Roland Kuit is a creative expert in De Stijl movement and electronic music.

We have a responsibility so see this with contemporary eyes and ears. To be radical as well with respect to the past. Kuit’s research started in the Mondrian house, House of Birth of the painter Piet Mondrian: Monads and  Beyond. Together with the Dutch Light artist Karin Schomaker, researching Mondrian and movement in digital visual arts (2013).

 

All started with the special relationship between Piet Mondrian and composer - pianist Jacob van Domselaer. Between 1913 and 1917 van Domselaer composed Proeven van Sijlkunst (Samples of Style in Art, for piano, 1916). The first combined relation between the horizontality and the verticality in music. Relating to the passivity and activity. A static balance. The tension lies into the metre, the perpendicular element. Supplemented by quasi-chaotic tone clusters.

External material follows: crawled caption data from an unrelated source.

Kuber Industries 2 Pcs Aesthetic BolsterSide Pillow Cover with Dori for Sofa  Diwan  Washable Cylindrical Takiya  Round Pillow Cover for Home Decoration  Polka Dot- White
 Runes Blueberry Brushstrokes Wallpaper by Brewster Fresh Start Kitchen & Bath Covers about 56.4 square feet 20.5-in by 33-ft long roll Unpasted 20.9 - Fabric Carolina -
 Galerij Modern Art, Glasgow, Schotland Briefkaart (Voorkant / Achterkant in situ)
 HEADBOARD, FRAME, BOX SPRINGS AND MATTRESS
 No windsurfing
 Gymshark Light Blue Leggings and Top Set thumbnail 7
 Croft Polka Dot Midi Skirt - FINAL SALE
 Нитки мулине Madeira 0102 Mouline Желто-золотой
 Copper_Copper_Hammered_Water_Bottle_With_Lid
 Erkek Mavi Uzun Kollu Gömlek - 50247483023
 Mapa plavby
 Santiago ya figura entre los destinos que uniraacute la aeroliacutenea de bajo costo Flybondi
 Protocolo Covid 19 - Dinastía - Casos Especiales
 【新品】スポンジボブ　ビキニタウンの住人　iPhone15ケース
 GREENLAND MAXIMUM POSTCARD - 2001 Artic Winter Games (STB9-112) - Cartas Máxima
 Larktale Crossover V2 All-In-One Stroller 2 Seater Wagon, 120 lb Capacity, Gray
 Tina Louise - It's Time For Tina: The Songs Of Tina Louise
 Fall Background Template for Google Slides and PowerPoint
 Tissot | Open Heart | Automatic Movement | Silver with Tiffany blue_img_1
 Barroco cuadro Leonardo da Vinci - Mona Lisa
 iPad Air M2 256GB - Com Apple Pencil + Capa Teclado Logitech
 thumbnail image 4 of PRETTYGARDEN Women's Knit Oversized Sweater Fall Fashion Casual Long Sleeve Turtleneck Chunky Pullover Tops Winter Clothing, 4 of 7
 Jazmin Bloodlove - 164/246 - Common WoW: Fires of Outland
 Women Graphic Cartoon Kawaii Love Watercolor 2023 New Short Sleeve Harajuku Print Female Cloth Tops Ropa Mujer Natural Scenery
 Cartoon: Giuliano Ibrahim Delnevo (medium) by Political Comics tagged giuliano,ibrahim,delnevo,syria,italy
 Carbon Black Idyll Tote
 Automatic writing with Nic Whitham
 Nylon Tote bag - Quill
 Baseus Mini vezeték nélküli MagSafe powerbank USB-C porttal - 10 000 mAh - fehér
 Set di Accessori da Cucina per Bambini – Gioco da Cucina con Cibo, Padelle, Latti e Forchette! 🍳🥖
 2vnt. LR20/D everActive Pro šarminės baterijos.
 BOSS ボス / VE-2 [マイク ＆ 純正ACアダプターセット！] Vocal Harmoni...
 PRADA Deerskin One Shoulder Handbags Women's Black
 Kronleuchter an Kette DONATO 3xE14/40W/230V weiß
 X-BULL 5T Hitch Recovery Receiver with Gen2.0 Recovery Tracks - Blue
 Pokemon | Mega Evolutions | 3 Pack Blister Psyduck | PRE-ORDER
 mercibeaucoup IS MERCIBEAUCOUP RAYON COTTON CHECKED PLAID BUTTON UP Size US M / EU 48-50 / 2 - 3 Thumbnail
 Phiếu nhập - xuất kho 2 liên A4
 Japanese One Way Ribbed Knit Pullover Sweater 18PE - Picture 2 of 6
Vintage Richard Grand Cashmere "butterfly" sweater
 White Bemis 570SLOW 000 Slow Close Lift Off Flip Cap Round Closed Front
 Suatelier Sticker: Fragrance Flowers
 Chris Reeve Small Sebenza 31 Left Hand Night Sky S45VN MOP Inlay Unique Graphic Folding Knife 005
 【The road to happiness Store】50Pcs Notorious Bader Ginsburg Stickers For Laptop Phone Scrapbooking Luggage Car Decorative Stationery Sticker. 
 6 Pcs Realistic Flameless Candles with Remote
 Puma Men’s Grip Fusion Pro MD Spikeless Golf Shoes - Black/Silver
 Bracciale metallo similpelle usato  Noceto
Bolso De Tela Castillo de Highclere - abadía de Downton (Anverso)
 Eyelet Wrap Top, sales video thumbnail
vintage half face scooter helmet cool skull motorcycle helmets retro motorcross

Between 1950 and 1955, the Belgian composer and founder of the musical serialism Karel Goeyvaerts, managed to broaden this principle of the standing sound structures. Goeyvaerts stacked electronic created sinus tones on each other as sound objects. Additive synthesis.
CAHIER-M published by the Dutch composer Dick Raaijmakers (2000) is about the morphology of electric sound. This inherently single-layered type of sound is discussed in the light of 'neo-plastic' music as suggested by the painter Piet Mondriaan in the 1920's. He advocated a kind of music that consisted of single-layered, 'single-colour' electric sounds. 

 

Roland Emile Kuit invented sound and elaborates upon this. He engages in research as a ‘sound architect’. Kuit constructed between 2010 and 2017 virtual electronic systems where spectral chaos was converted to serial sound constellations. Sounds that are captured at the atomic level and reduced to algorithmic trajectories. He used pure tones to create spectral building blocks. This means stacking energies to build harmonic sound planes. The diagonal aspect is obtained by phase differences. The spatial modus is setting this weighed points conscientiously in space to divide this spectrum and display it on a speaker maze.

 

Roland Kuit Rietveld Paviljoen Kroller-Muller 

 

On 9 July 2017 the World Premiere of Rietveld Pavilion took place in the sculpture park of the Kröller-Möller Museum in Otterlo. The Netherlands.

With this work Kuit makes a connection between, De STIJL constituted ideas, architecture, and today’s art.

 

Kuit’s output spans composition through sound art, sound-architectural installations, collaboration with experimental artists, designers and scientists, acousmatic performance and live electroacoustic improvisation.
Research, imagination and technical association made him write his books about combined synthesis techniques. Lecturing at diverse universities and creating radio programs about electronic music giving him a platform to discuss his conceptual worlds. 
Roland Kuit performs on concert stages, art galleries and museums.
His books about research in modular synthesis techniques, music and sound art are published by Donemus, Publishing House of Dutch Contemporary Classical Music.